Start of AVAILABLE RECORDS
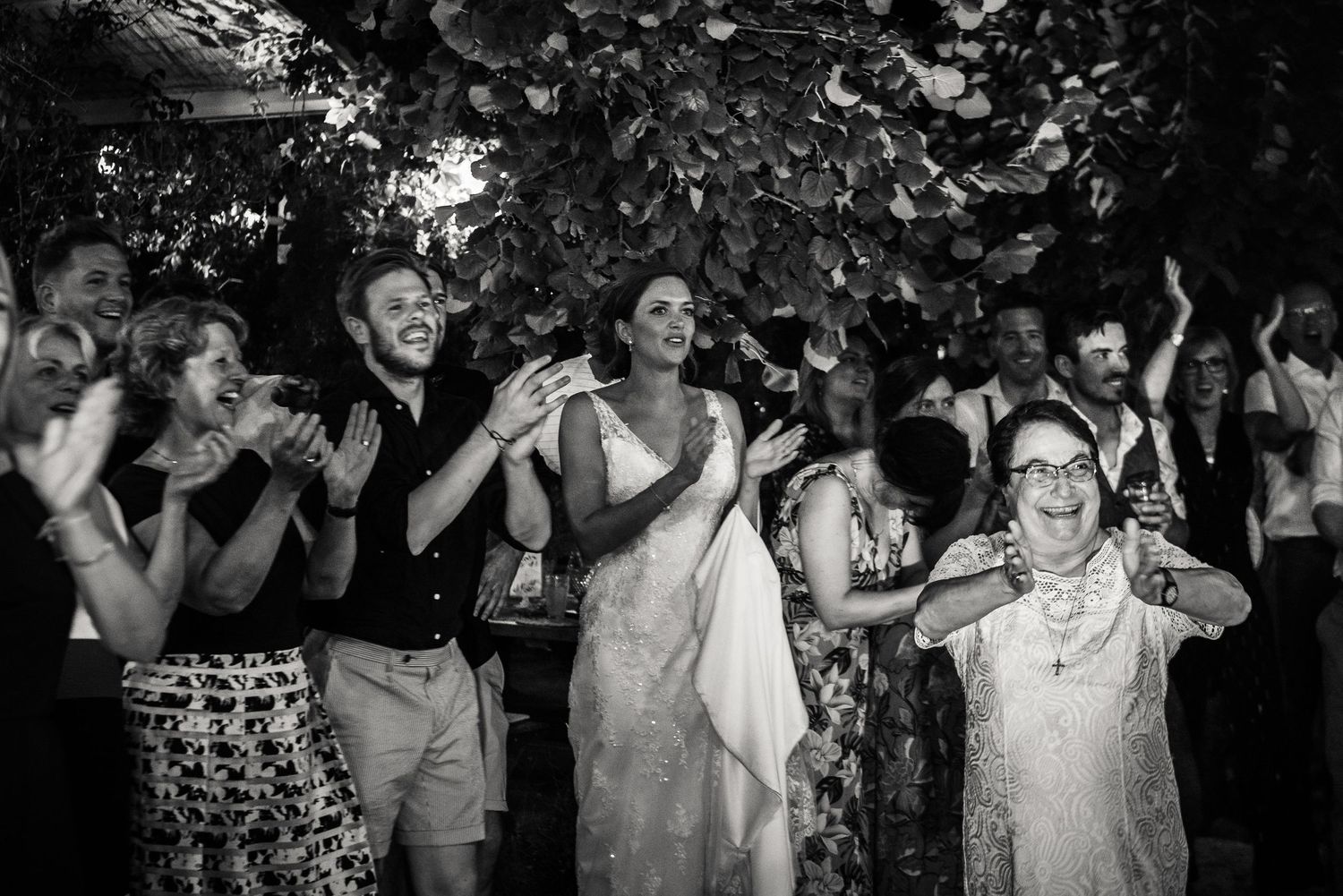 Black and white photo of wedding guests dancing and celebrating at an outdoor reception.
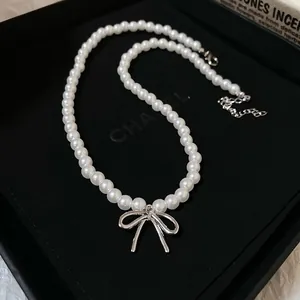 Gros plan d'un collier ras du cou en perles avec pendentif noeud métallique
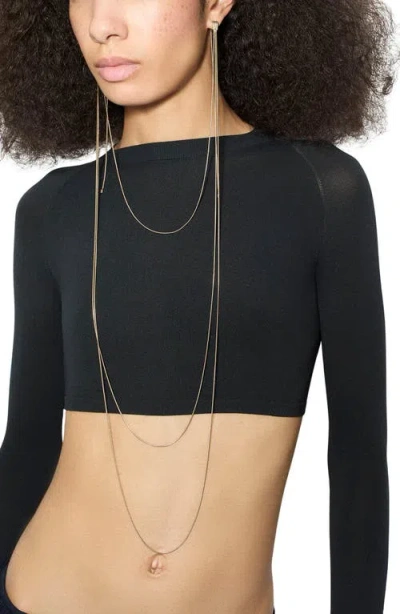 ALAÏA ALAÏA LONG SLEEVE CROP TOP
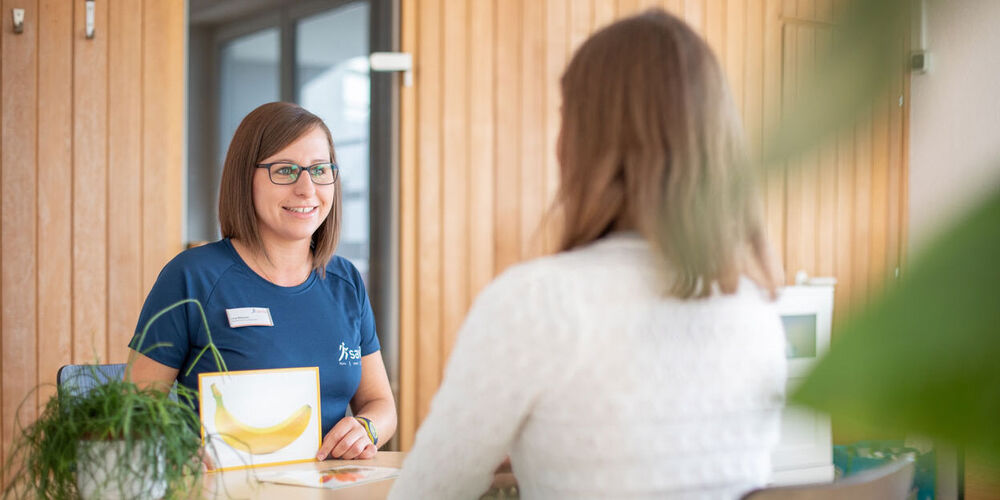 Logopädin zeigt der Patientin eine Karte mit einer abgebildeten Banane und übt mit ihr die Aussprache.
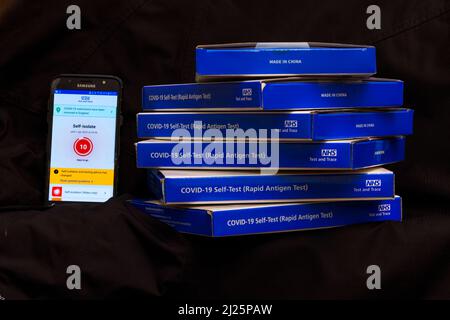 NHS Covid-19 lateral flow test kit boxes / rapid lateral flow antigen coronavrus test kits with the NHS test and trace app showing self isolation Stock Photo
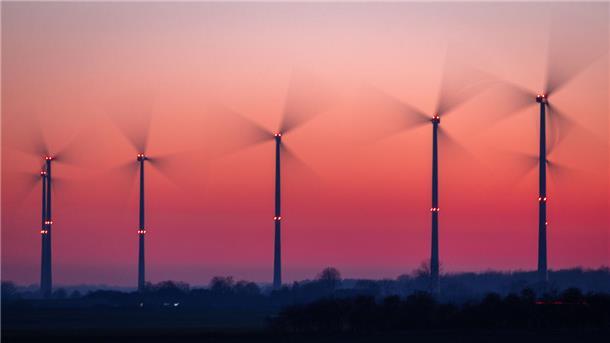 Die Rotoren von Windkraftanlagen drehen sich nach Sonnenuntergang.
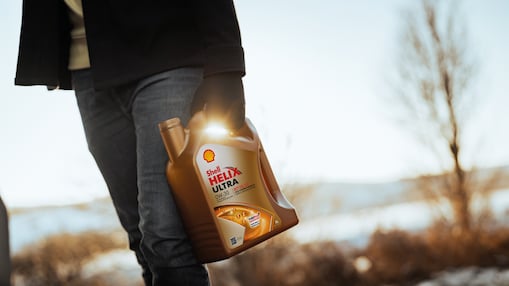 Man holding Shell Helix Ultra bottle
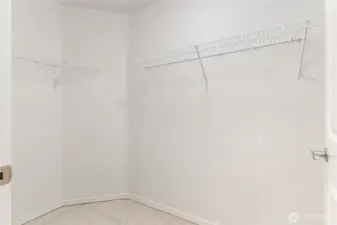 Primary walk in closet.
End of AVAILABLE RECORDS
* _YOUR ASSIGNMENT_
The lines needed run from the first line of the records through the line containing "ALAÏA ALAÏA LONG SLEEVE CROP TOP", both included. Restate them word for word, without pictures.

* _RESULT FOR THIS TASK_
 Black and white photo of wedding guests dancing and celebrating at an outdoor reception.
 Gros plan d'un collier ras du cou en perles avec pendentif noeud métallique
 ALAÏA ALAÏA LONG SLEEVE CROP TOP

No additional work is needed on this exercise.